● **What is required**
Your output should be the lines below from the one with "[Boxset] Dream Harbor Series Vol 1-4" through the one with "Granitek Liscatto Patativa", copied exactly, pictures excluded.

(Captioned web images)
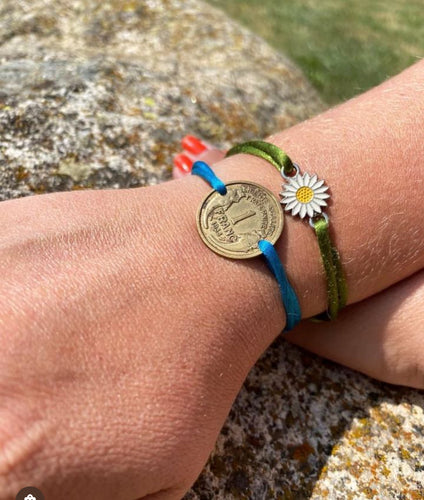 Bracelet Petit Morlon 1940-1941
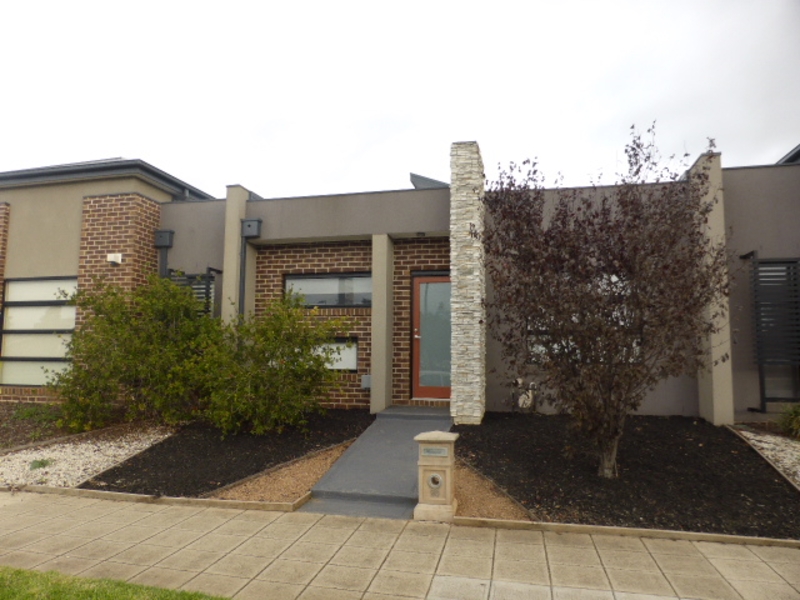 Rental properties & online application form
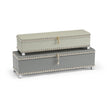 Wildwood Treasure Boxes Set of 2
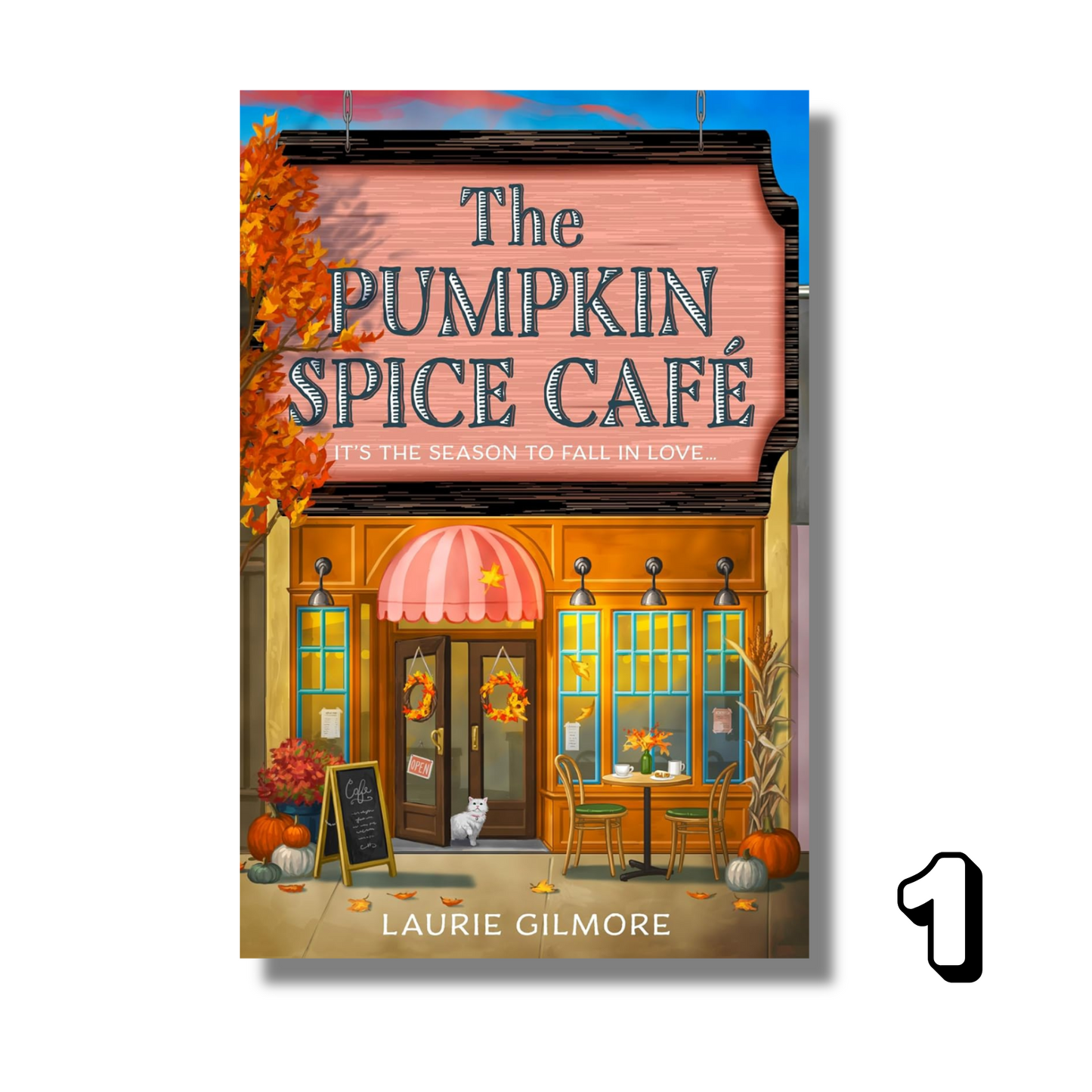 [Boxset] Dream Harbor Series Vol 1-4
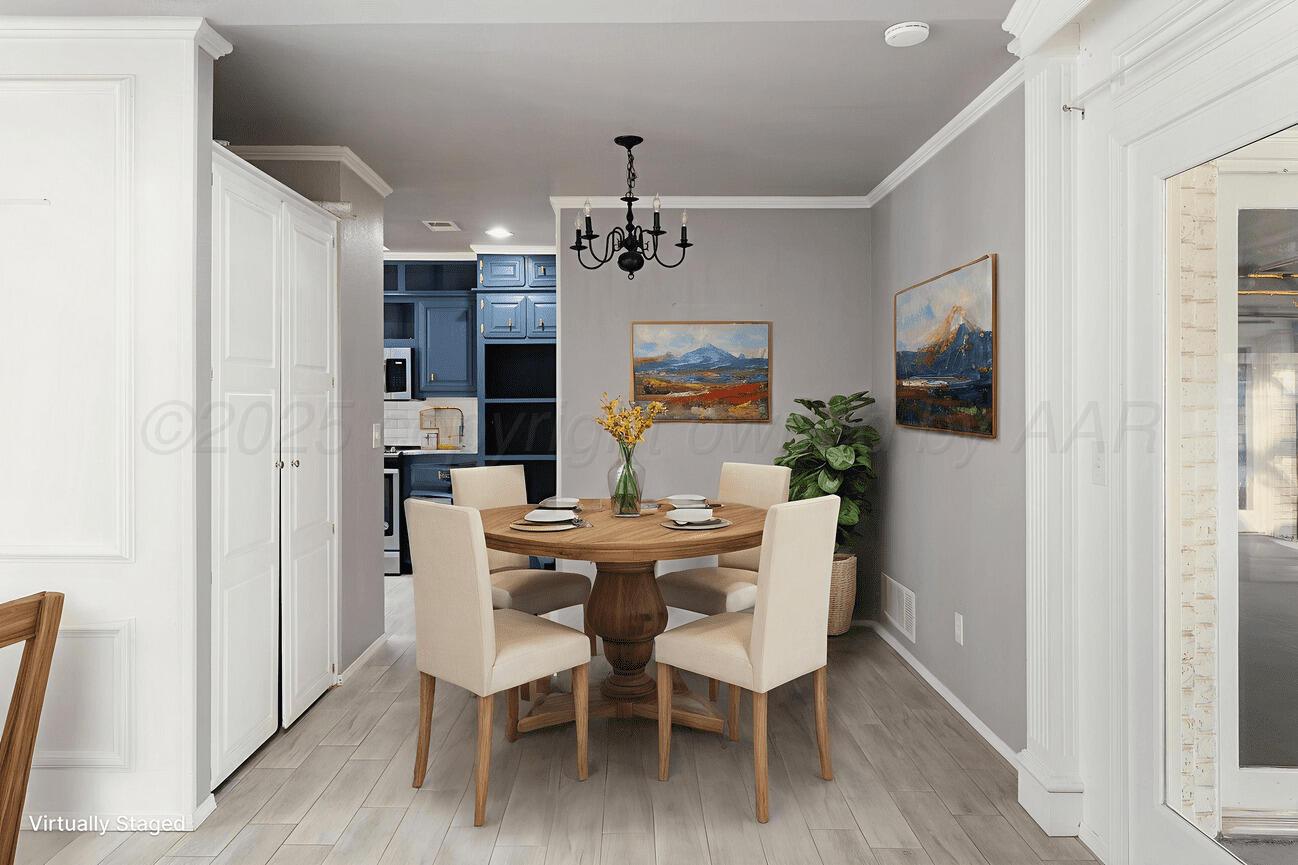 7516 TRIPP Avenue, Amarillo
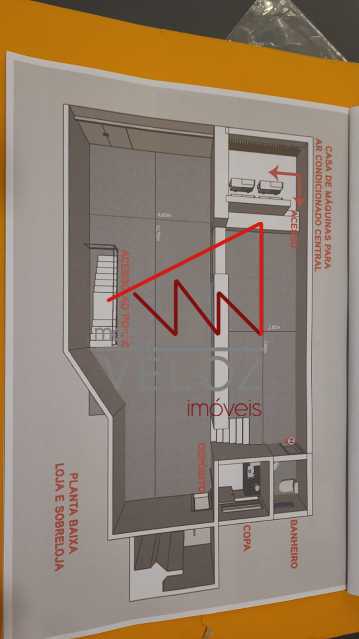 Loja-Salão à venda, 149m² - Foto 10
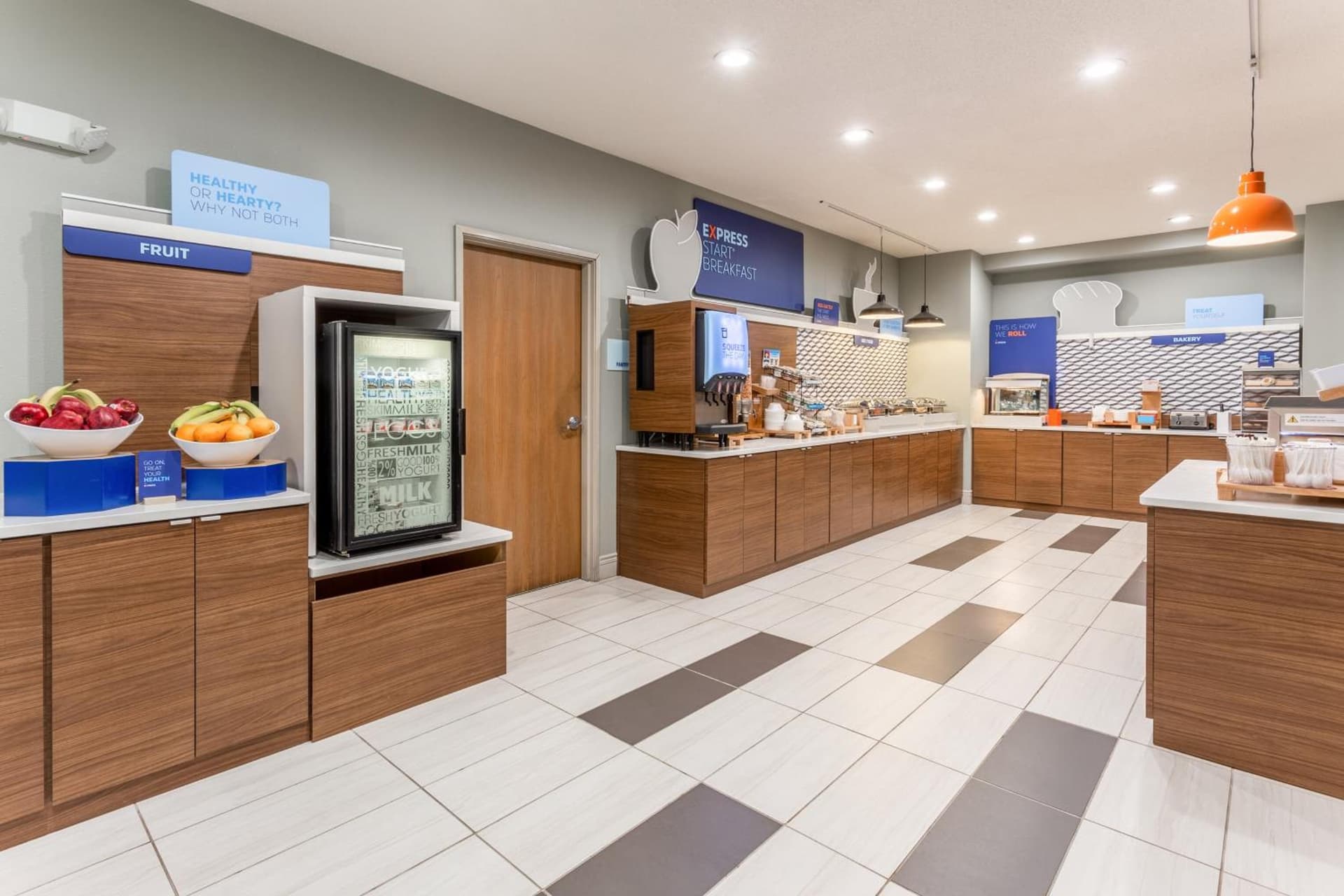 Holiday Inn Express & Suites O'Fallon-Shiloh by IHG gallery photo in Shiloh, IL — image 17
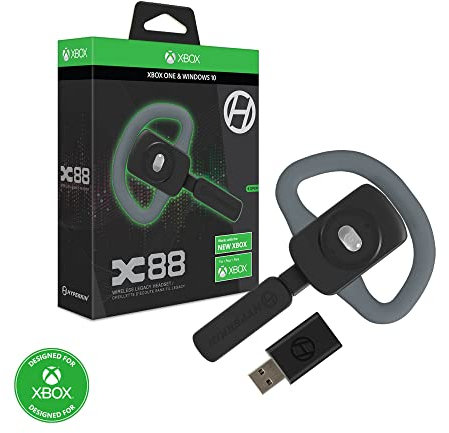 Hyperkin X88 Wireless Legacy Headset - Xbox One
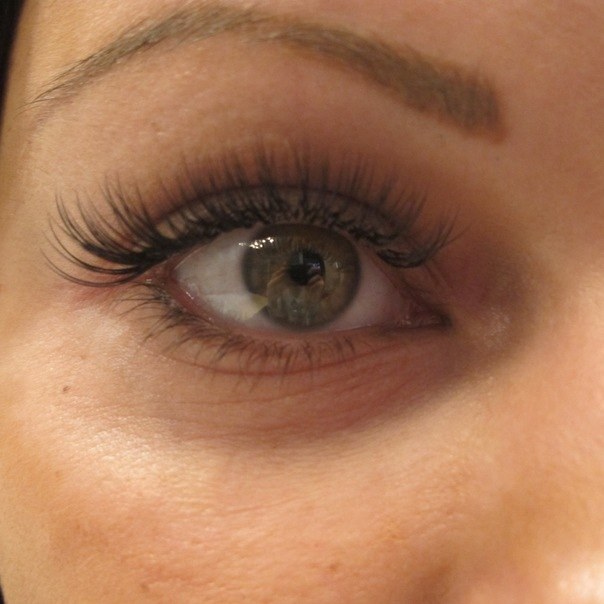 Is it harmful eyelash extensions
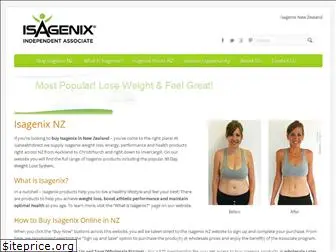 isahealthdirect.co.nz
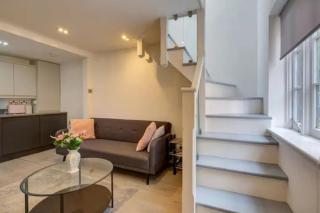 Stunning house South Ken - Londra - 0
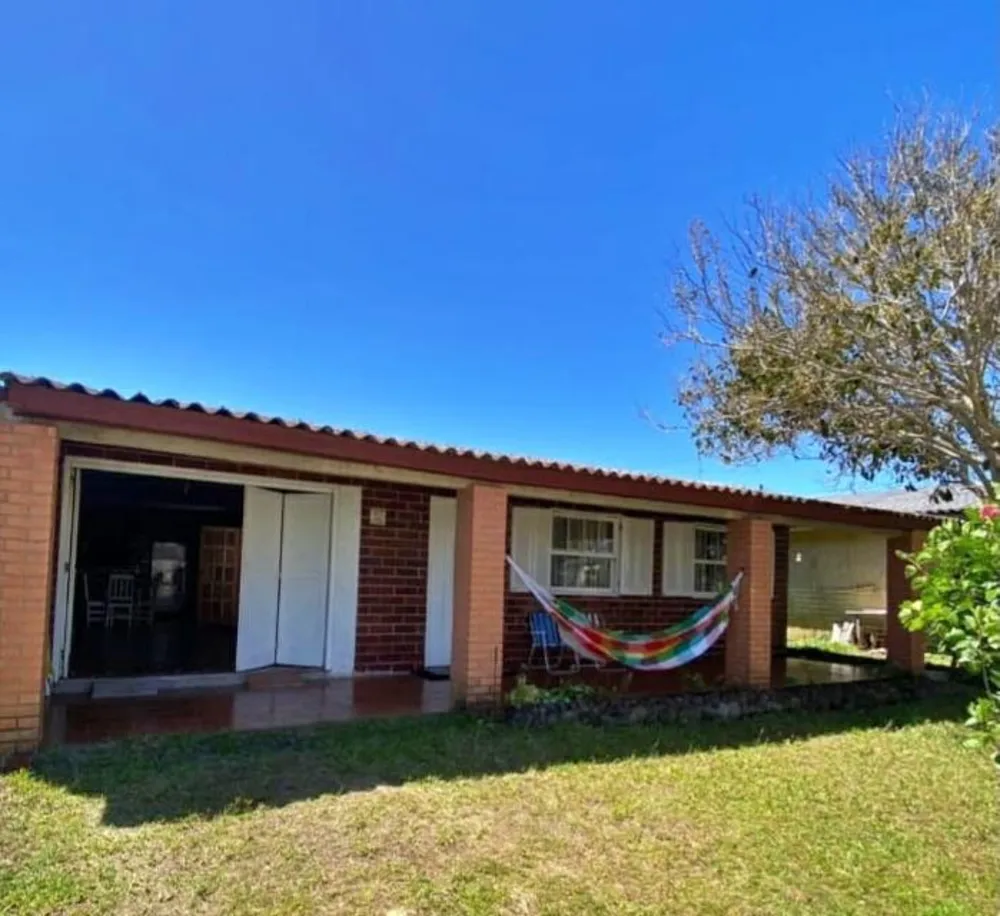 Casa, 3 quartos, 85 m² - Foto 1
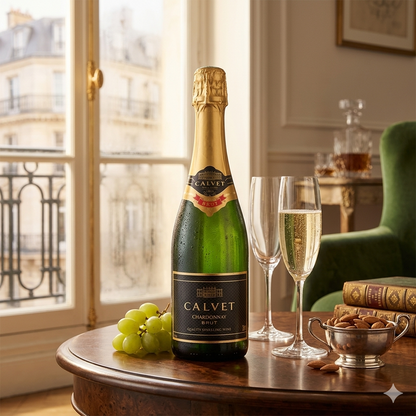 Calvet Sparkling Brut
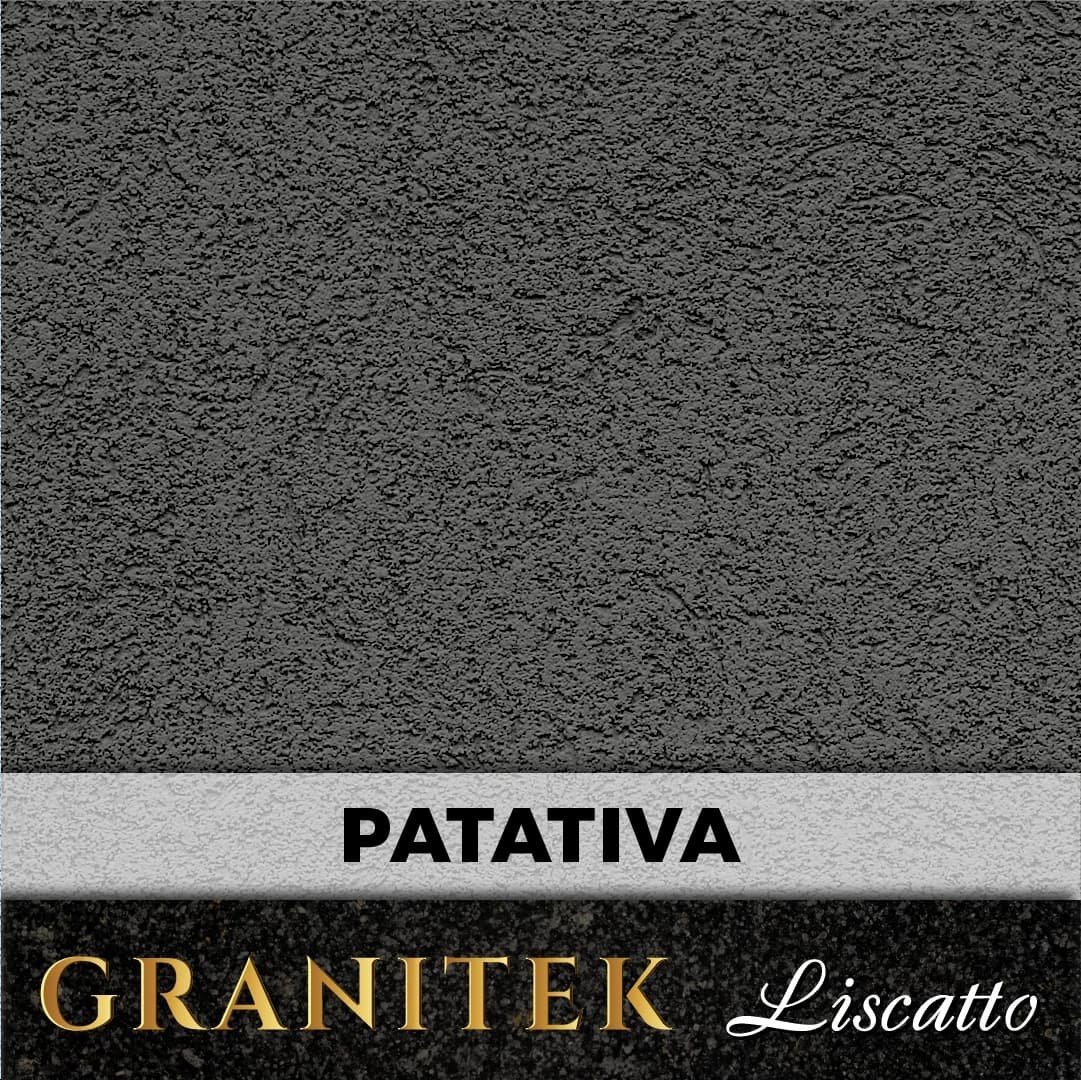 Granitek Liscatto Patativa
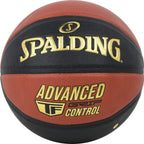 Spalding Advanced Grip Control In/Out Ball 76872Z Accessories/Balls/Basketball Your Sports Performance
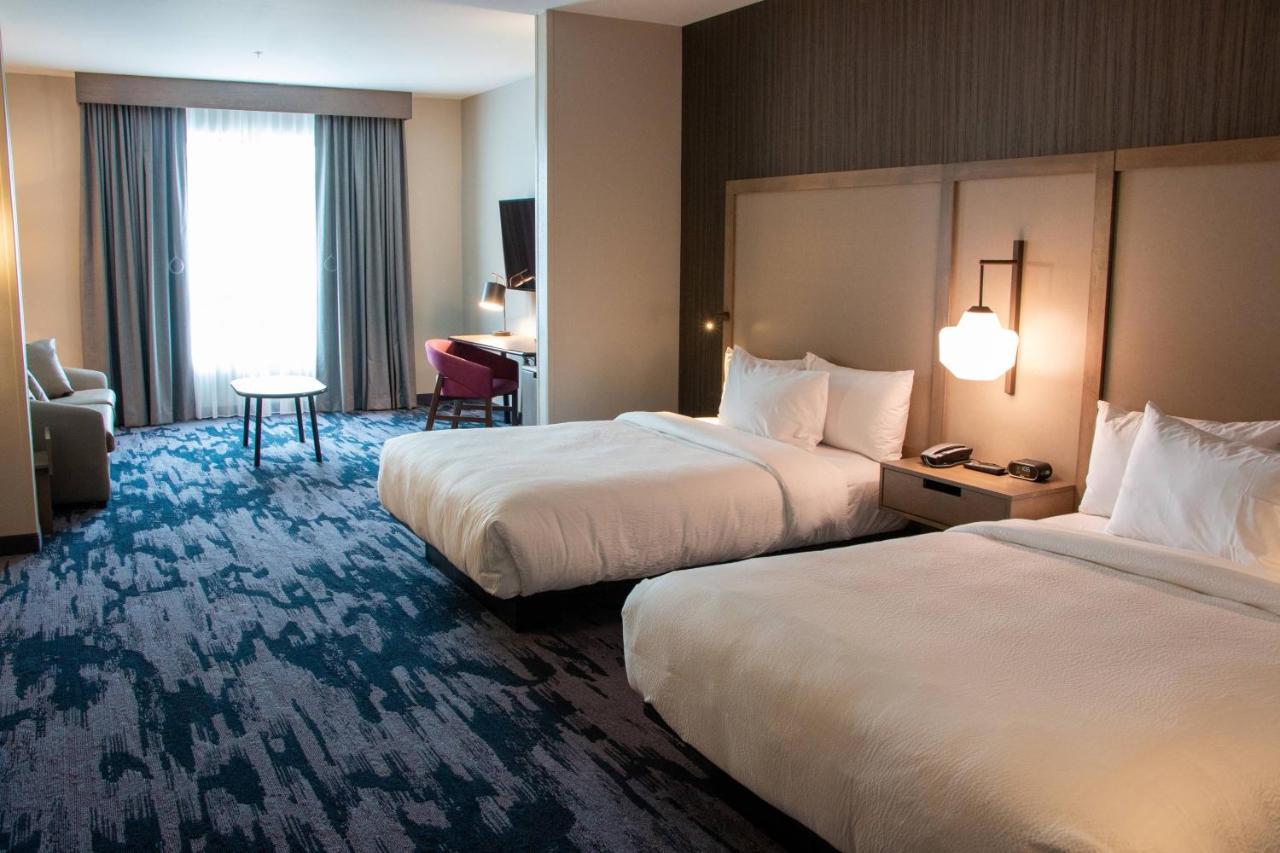 Deluxe Double Room with Bath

● **Exercise solution**
 [Boxset] Dream Harbor Series Vol 1-4
 7516 TRIPP Avenue, Amarillo
 Loja-Salão à venda, 149m² - Foto 10
 Holiday Inn Express & Suites O'Fallon-Shiloh by IHG gallery photo in Shiloh, IL — image 17
 Hyperkin X88 Wireless Legacy Headset - Xbox One
 Is it harmful eyelash extensions
 isahealthdirect.co.nz
 Stunning house South Ken - Londra - 0
 Casa, 3 quartos, 85 m² - Foto 1
 Calvet Sparkling Brut
 Granitek Liscatto Patativa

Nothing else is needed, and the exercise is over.